HILTON BOMBING Evan Pederick’s story
Terrorist turned reverend Evan Pederick tells his story of guilt and renewal for the first time
The Hilton Hotel bomber’s quest for spiritual fulfilment led him down two very different paths. On the one hand, Evan Pederick’s desire to belong to a community and understand his place in the world led him, he says, to perpetrate one of the worst acts of terror on Australian shores. On the other hand, it sparked a second chapter of life, as an Anglican minister. Pederick says he was a naïve and socially awkward 22-year-old in 1978 when he planted a bomb in a bin outside Sydney’s Hilton Hotel, killing police officer Paul Burmistriw and garbage collectors Alec Carter and William Favell. Pederick’s intended target had been the Indian prime minister, who was attending the Commonwealth Heads of Government Regional Meeting at the hotel.
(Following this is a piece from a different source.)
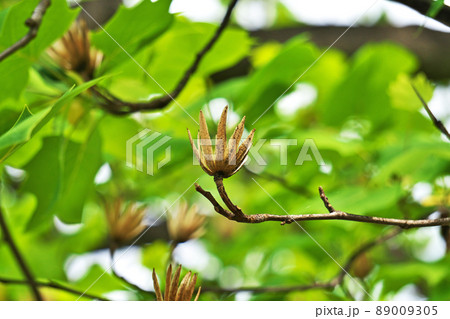 去年のユリノキの実(春、四月) 去年のユリノキの実(春、四月) 89009305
In the current climate of heightened awareness of the threat of terror, it’s hard to imagine how someone could wander up to a hotel filled with foreign dignitaries and fill a bin with 30 sticks of gelignite. How, also, could the intelligent son of a Methodist minister be willing to commit murder, and what role did his connection to a radical religious movement, the Ananda Marga, play in his decision?
Journalist Imre Salusinszky has been intrigued by the events of February 13, 1978, since he was a cadet reporter at The Age. “Terror came to Australian shores,” says Salusinszky. “And it caused tremendous fear and terror in the community. It changed Australia forever.”
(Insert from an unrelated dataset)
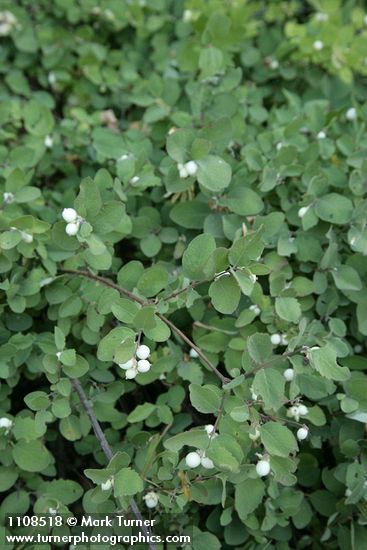 Symphoricarpos hesperius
It would be years before the identity of the bomber emerged, though the event and its aftermath remains steeped in controversy and counterclaims even today . When Pederick confessed a decade after the crime, many doubted his guilt. Wild conspiracy theories were floated, some even suggesting our own spy network, ASIO, was behind it. As far as many are concerned, the mystery remains unsolved.
Salusinszky has spent eight years working with Pederick, helping him tell his story in a new book, The Hilton Bombing: Evan Pederick and the Ananda Marga – and has no doubt about his subject’s guilt. “We have often seen how these sorts of vulnerable young males can be radicalised quite quickly,” he says. The journalist maintains that, far from feeling remorse, Pederick was filled with more fervour after the attack on the hotel, and allegedly began plotting an attack on the Iranian Embassy in Canberra.
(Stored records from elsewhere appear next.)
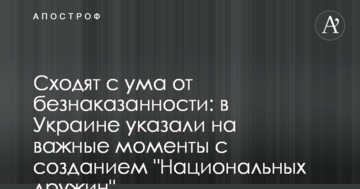 Сходять з розуму від безкарності: в Україні вказали на важливі моменти зі створенням "Національних дружин"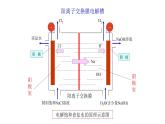 2024-2025学年苏教版新教材选择性必修一 专题1第二单元 化学能与电能的转化（第4课时） 课件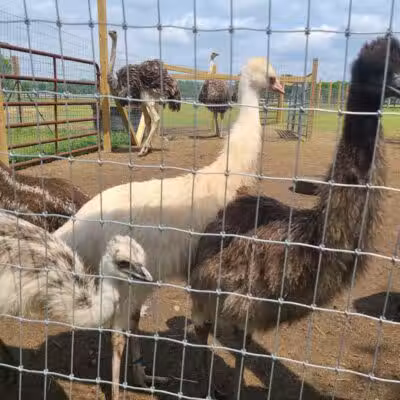 Parkton Animal Oasis - Parkton, NC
But over time, and particularly when he became a father to twin sons, guilt began gnawing away at Pederick. The professed bomber later likened that guilt to a monster inside a box. Eventually, he began to loathe himself and desperately wanted to face up to his mistake.
“My first thoughts were it will fade,” Pederick told his prison psychiatrist. “That never really worked. I never lived it down in my mind.” The guilt stopped him from properly connecting with his sons, his friends and other loved ones, says Salusinszky. “He wanted to confess but he couldn’t bear to face the damage it would do to them.”
Eventually, Pederick did own up and served eight years in jail. Within Long Bay Prison, his spiritual quest continued. He worshipped as a Roman Catholic, but after his release settled on Anglicanism.
Simply being a devoted member of his West Australian congregation was not enough for Pederick, who felt certain he had a vocation. Like all candidates for the ministry, he went through a rigorous 12-month assessment. But, because of his past crime, he also needed to gain the approval of Archbishop Peter Carnley.
The church encouraged Pederick’s vocation, which Salusinszky calls “a courageous decision”. Now Pederick hopes that in telling his story honestly and in full for the first time he will put an end to the conspiracy theories and provide closure to the families of the men who died. “He hopes that this book will bring them some degree of comfort that has been denied for all these years,” Salusinszky says. “He isn’t making excuses for what he has done or the damage he has caused,” sums up Salusinszky. “There are no happy endings.”